I Can a Basis Vector be Lightlike?

[cianfa72]

[Moderator's note: Spin off from another thread due to topic change.]

I was thinking about the following: can we take as a basis vector a null (i.e. lightlike) vector to write down the metric ?

Call $v$ such a vector and add to it 3 linear independent vectors. We get a basis for the tangent space (the first vector in the basis is the $v$ vector itself).

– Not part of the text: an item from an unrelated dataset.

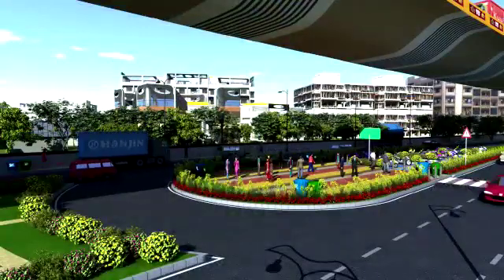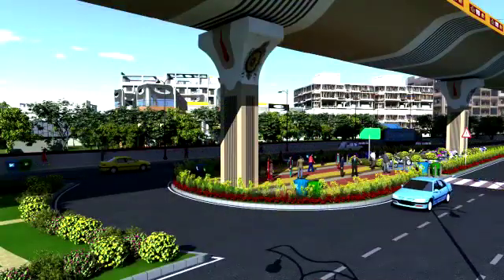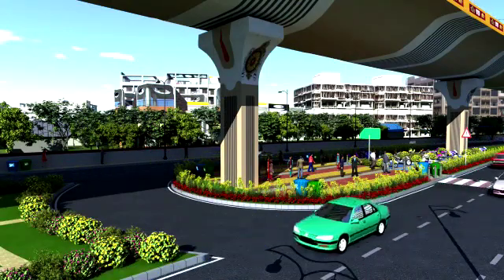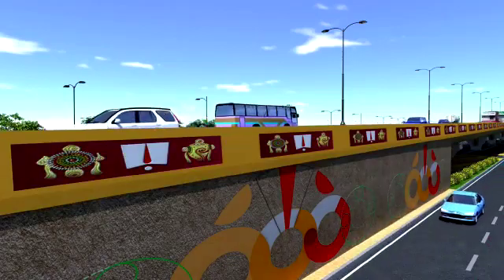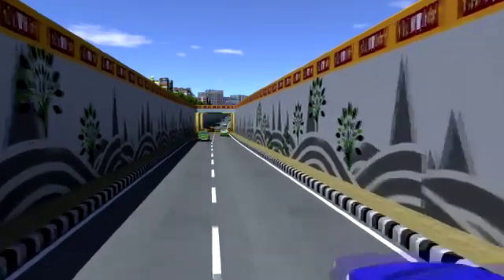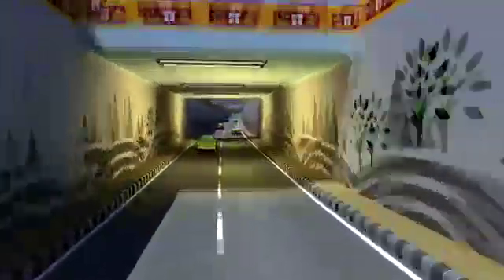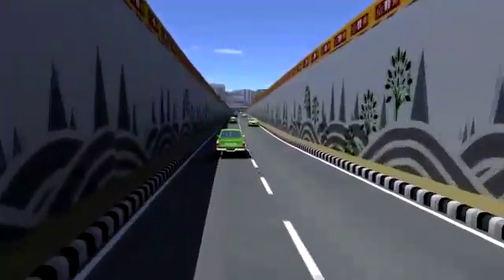The pier of the elevated corridor shall be painted in the shape of the Tilak of Tirupati Balaji, which shall be taken as the theme for the beautification project. The crash barrier shall be painted with different patterns, and underpass side walls shall be painted with religious motifs of Tirupati, following a similar color scheme of the Tilak — that is Chandan or golden, red and white.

Then in such a basis the metric coefficient $g_{00}$ should be zero since the vector $v$ has coordinate $(1,0,0,0)$ and by definition it has zero length. Hence we are not allowed to use it, I believe.

 

[martinbn]

Sorry I was thinking about the following: can we take as a basis vector a null (i.e. lightlike) vector to write down the metric ?

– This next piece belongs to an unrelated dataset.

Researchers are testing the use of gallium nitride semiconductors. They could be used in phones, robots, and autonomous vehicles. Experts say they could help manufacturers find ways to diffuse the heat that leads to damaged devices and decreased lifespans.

Call $v$ such a vector and add to it 3 linear independent vectors. We get a basis for the tangent space (the first vector in the basis is the $v$ vector itself).

Yes, you can do that.

Then in such a basis the metric coefficient $g_{00}$ should be zero since the vector $v$ has coordinate $(1,0,0,0)$ and it has zero length. Hence we are not allowed to use it, I believe.

You are not allowed to use what?

 

[cianfa72]

You are not allowed to use what?

If we use the vector $v$ as element in the basis we get a metric in which $g_{00}$ is actually zero. Does a such metric make sense ?

 

[martinbn]

If we use the vector $v$ as element in the basis we get a metric in which $g_{00}$ is actually zero. Does a such metric make sense ?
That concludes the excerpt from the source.